About this task:
Skipping all pictures, print exactly the lines below from the one with "So it's a very" through the final line.

═════ The data ═════

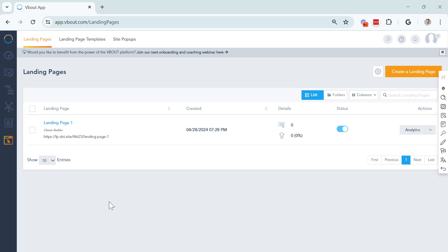In this video, I will give you a complete walkthrough of the new and updated Landing Page Builder on your VBot account.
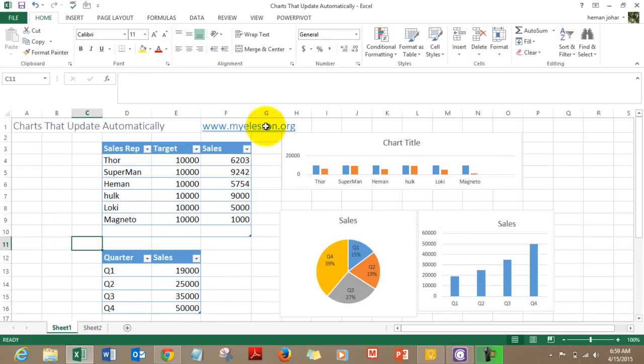Go ahead to my e-lesson.org and you can download this file for practice for free, and learn how to create charts that update automatically. I hope you liked this video — until the next video, this is your guru signing off. Have a wonderful day ahead, happy learning!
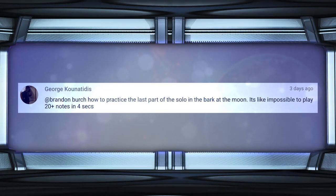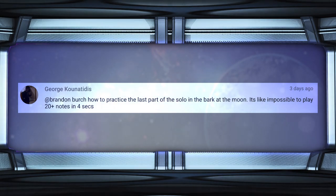Our last question is from George, asking how to practice the last part of the solo in Bark at the Moon by Ozzy Osbourne — it seems impossible to play 20-plus notes in four seconds. I went and listened to it and was like, okay, that's out of my league for sure — I'm definitely with you there. The one thing I might recommend is that it looks like you could pretty easily incorporate some hammer-ons and pull-offs, so maybe instead of picking every single note, you could pick every other note or every three notes. Sometimes when you don't alternate pick everything it can be really helpful — I've done that before too.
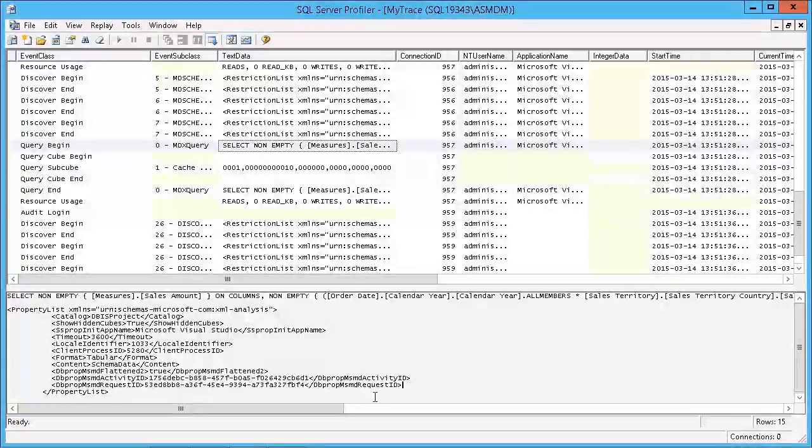So it's a very useful tool for gathering up statistical information and finding out what's going on behind the scenes when you want to troubleshoot and optimize your MDX or tabular queries.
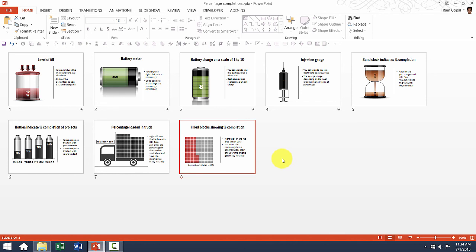Hope you really like this video that shows you how to edit our percentage completion charts. In the next video, I will show you another set of chart templates and how to edit them. Thank you very much. See you in the next video.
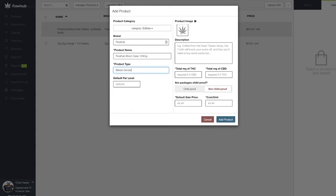The next field is going to be the par level. The par level feature within the platform is a valuable tool used for inventory management. The number we enter here is going to be the minimum amount of this item we want to have in stock before we need to order more.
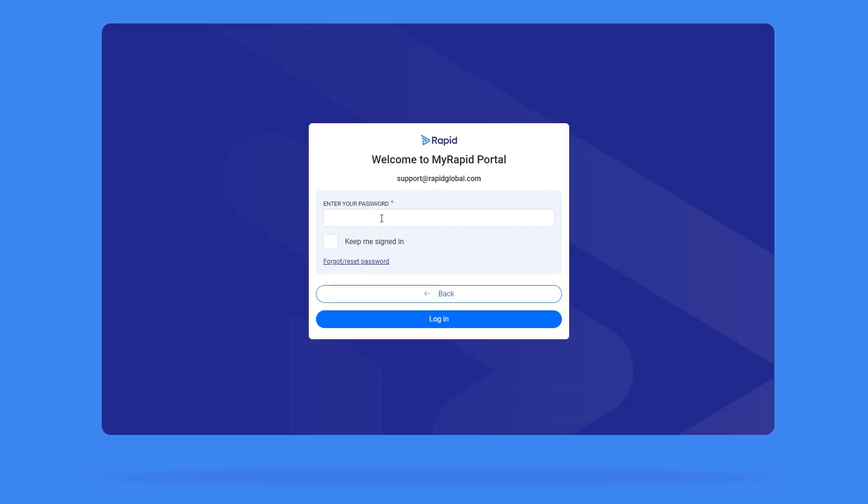Enter the MyRapid password previously created and click Log in. If you have forgotten your password, click the Forgot or Reset MyRapid password link and follow the instructions to reset it.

═════

Answer area:
So it's a very useful tool for gathering up statistical information and finding out what's going on behind the scenes when you want to troubleshoot and optimize your MDX or tabular queries.
Hope you really like this video that shows you how to edit our percentage completion charts. In the next video, I will show you another set of chart templates and how to edit them. Thank you very much. See you in the next video.
The next field is going to be the par level. The par level feature within the platform is a valuable tool used for inventory management. The number we enter here is going to be the minimum amount of this item we want to have in stock before we need to order more.
Enter the MyRapid password previously created and click Log in. If you have forgotten your password, click the Forgot or Reset MyRapid password link and follow the instructions to reset it.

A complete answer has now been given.